The EU is amending its legal framework on copyright to modernise it. Countries have two years to bring their national legal structures in line. The new rules ensure protection for authors and artists, while opening up new possibilities for accessing and sharing copyright-protected content online throughout the European Union.
The directive addresses a variety of issues, which can be grouped together under three categories:
- Adaptation of copyright exceptions/limitations to the digital and cross-border environment
The directive introduces mandatory exceptions to copyright for the purposes of text and data mining, online teaching activities and the preservation and online dissemination of cultural heritage. - Improvement of licensing practices to ensure wider access to creative content
The directive provides for harmonised rules facilitating the:exploitation of works that have stopped being commercialised (out-of-commerce works),
issuing of collective licences with extended effect and rights clearance for films by video-on-demand platforms. - Achievement of a well-functioning marketplace for copyright
The directive introduces a new right for press publishers for the online use of their press publications. Authors of works incorporated in the press publication will be entitled to a share of the press publisher's revenue deriving from this new right.
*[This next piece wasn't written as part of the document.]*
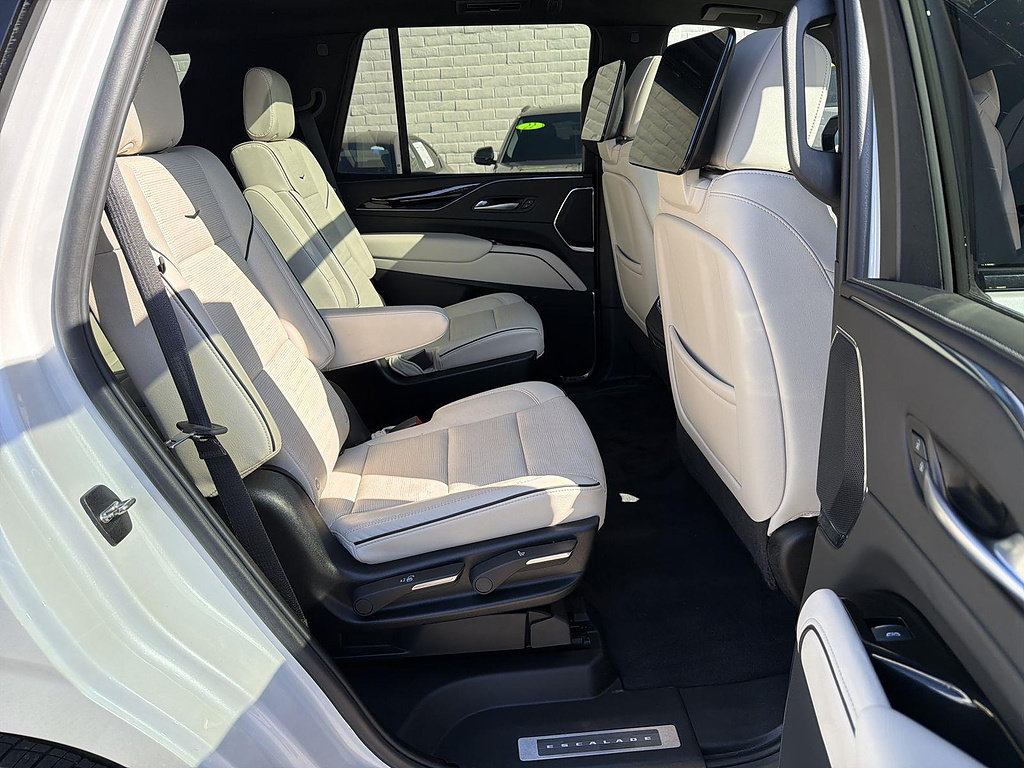 Used 2024 Cadillac Escalade Sport w/ LPO, ONYX Package AWD/4WD image 27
As regards online content sharing platforms, which are based on the “user-uploaded-content” model, the directive clarifies the legal framework within which they operate. Such platforms will in principle have to obtain a licence for copyright protected works uploaded by users unless a number of conditions provided for in the directive are met. Rightholders will therefore be able to better negotiate the conditions of the exploitation of their online works and be remunerated for the online use of their content by these platforms. At the same time, the directive allows users to generate and upload content freely, for purposes of quotation, criticism, review, caricature, parody and pastiche. To that effect, it transforms these exceptions, currently optional for member states, into mandatory exceptions for this particular type of use.
The directive also enshrines authors' and performers' right to appropriate and proportionate remuneration upon the licensing or transfer of their rights and introduces a transparency obligation concerning the exploitation of licensed works, as well as a remuneration adjustment mechanism, accompanied by a dedicated alternative dispute resolution mechanism. Software developers are excluded from these rules.